Vingt-quatre années durant, Didier Tani et Éric Parra auront été l’incarnation de l’âme des Goudes. C’est dans un post publié jeudi 19 octobre au soir, sur Instagram, que ces 2 figures du quartier ont annoncé leur départ, pour ne pas dire la vente, du grand bar des Goudes ; et c’est avec une « entière confiance » qu’ils cèdent « le flambeau au chef Benjamin Mathieu* et à son associé Johan Lupo (…) La nouvelle équipe est prête à vous accueillir dès le 3 novembre 2023 » déclare Didier Tani, achevant cet au-revoir par un : – Réservations par téléphone au 04 91 73 43 69″.

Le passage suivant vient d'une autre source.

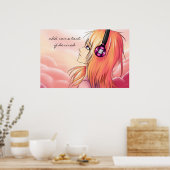 アニメかわいらしガール聞の音楽ポスター ポスター (キッチン)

Le départ de Didier Tani, 53 ans, marque la fin d’une saga qui avait débuté en 1830 avec l’installation de cette famille dans le petit port de pêche. Le grand-père, le père, Didier puis le fils de ce dernier étaient nés aux Goudes, rappelait souvent Didier qui avouait « vivre ici en immersion totale puisque j’y suis né, j’y vis et j’y travaille » (magazine Big, 2021).

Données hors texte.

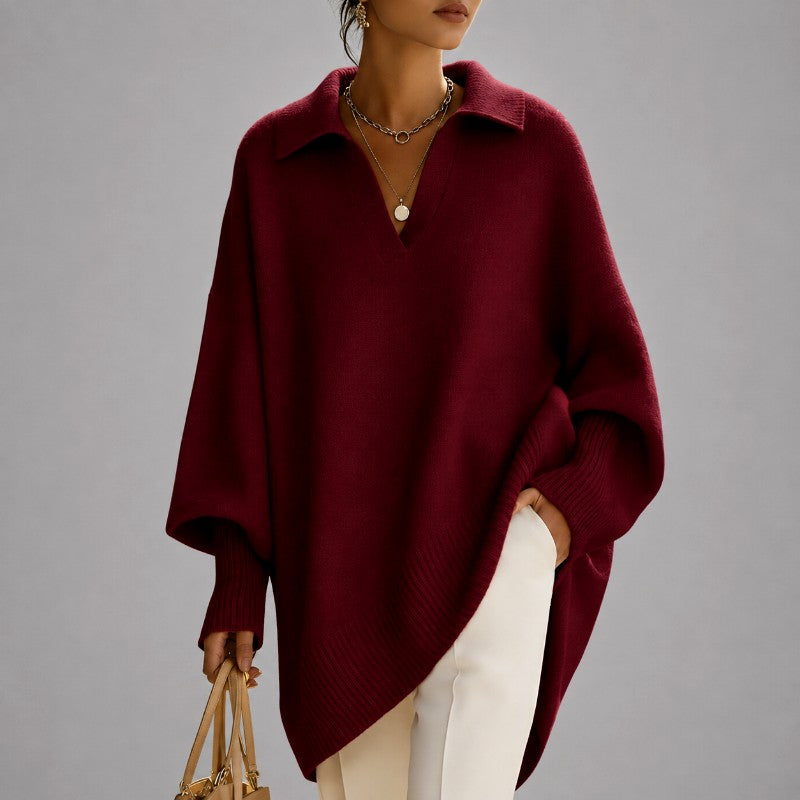 Corinne - Women's Collared V-Neck Poncho Sweater 2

« L’esplaï, c’est de l’argot de pêcheur, ça veut dire ‘le bon endroit pour aller pêcher’, c’est ce qu’on dit quand on a un bon coin qu’on ne veut pas donner. Eh bien ici, c’est le bon endroit pour aller manger »
Didier Tani
Depuis son esplaï, de l’autre côté de la rue, Didier regardait souvent un palangrier rentrer au port et se rappelait cette époque où il y avait beaucoup de pêcheurs à la palangre aux Goudes, « les pêcheurs sont mes amis » disait-il. Du village modeste de pêcheurs et d’ouvriers qui avait 50 ans de retard sur le centre-ville, il ne reste plus rien, les cabanons se vendent au profit de gens venus de loin qui en font des villas. Didier disait toujours « quand on achète ici, on achète un état d’esprit, on achète une vie de village ». « Aujourd’hui, les gens se croisent et ne se disent même plus bonjour » déplore une habitante de la calanque depuis toujours…

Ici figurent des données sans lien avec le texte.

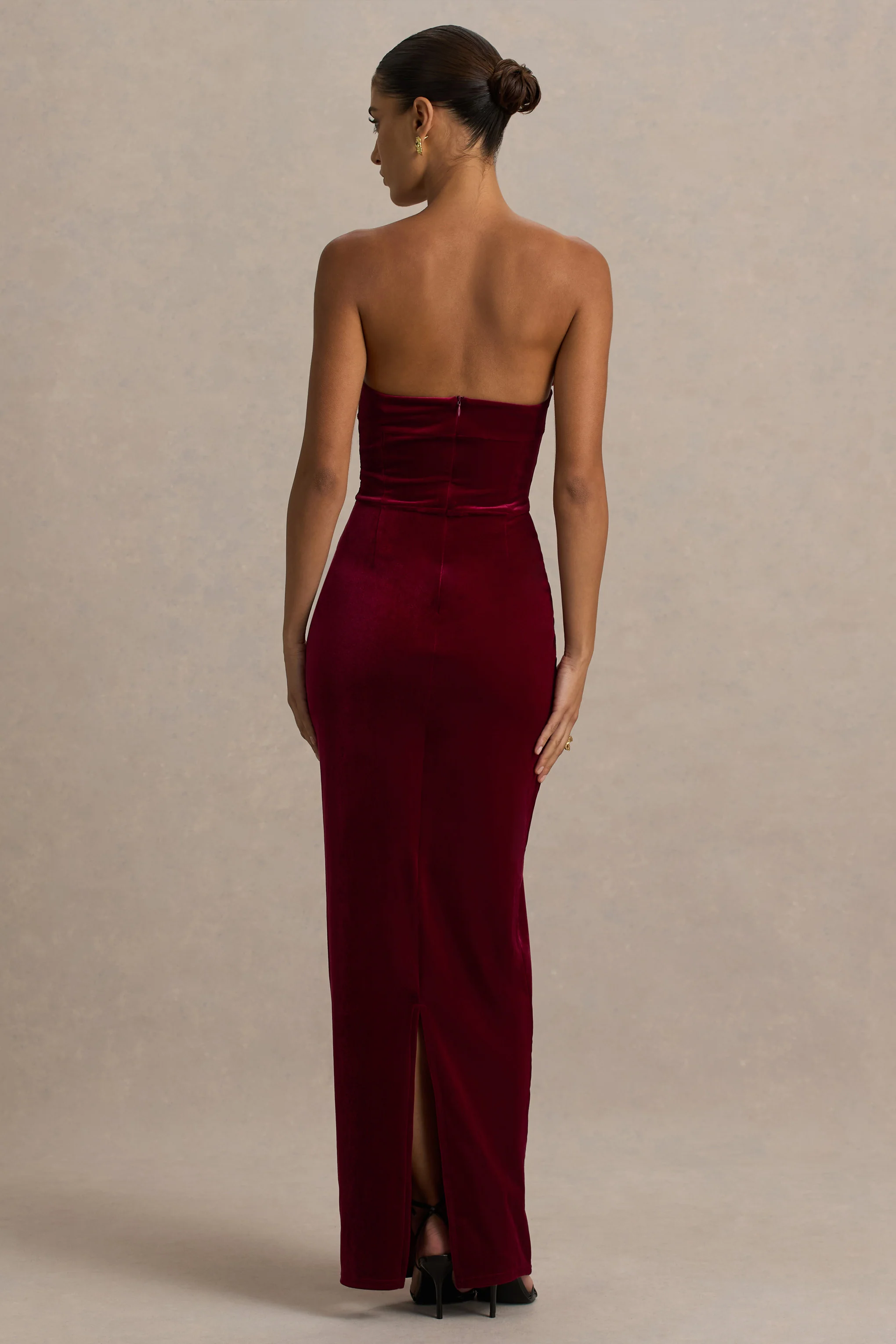 Illusion | Burgundy Velvet Bandeau Maxi Dress With Bow Detail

Au fil des interviewes, Didier Tani rendait hommage à son papa, le cantonnier des Goudes, « aimé et respecté de tous parce qu’il était un homme bon » et racontait qu’il lui avait donné ses économies pour que Didier achète ce commerce. « Mon père venait à 5h tous les matins ouvrir pour ses collègues pêcheurs ; il ne savait faire que des cafés et des menthe à l’eau, rien d’autre et ça, jusqu’à 10 heures. Il a travaillé avec moi jusqu’au dernier jour. Ce qui me plaît, c’est cette continuité… On a fait notre vie aux Goudes », déclarait Didier Tani en 2018.
Le Grand bar des Goudes, 28, rue Désiré Pelaprat, Marseille 8e arr. ; infos au 04 91 73 43 69.
* Par ailleurs aux commandes de la Grotte et du Petit-Pernod.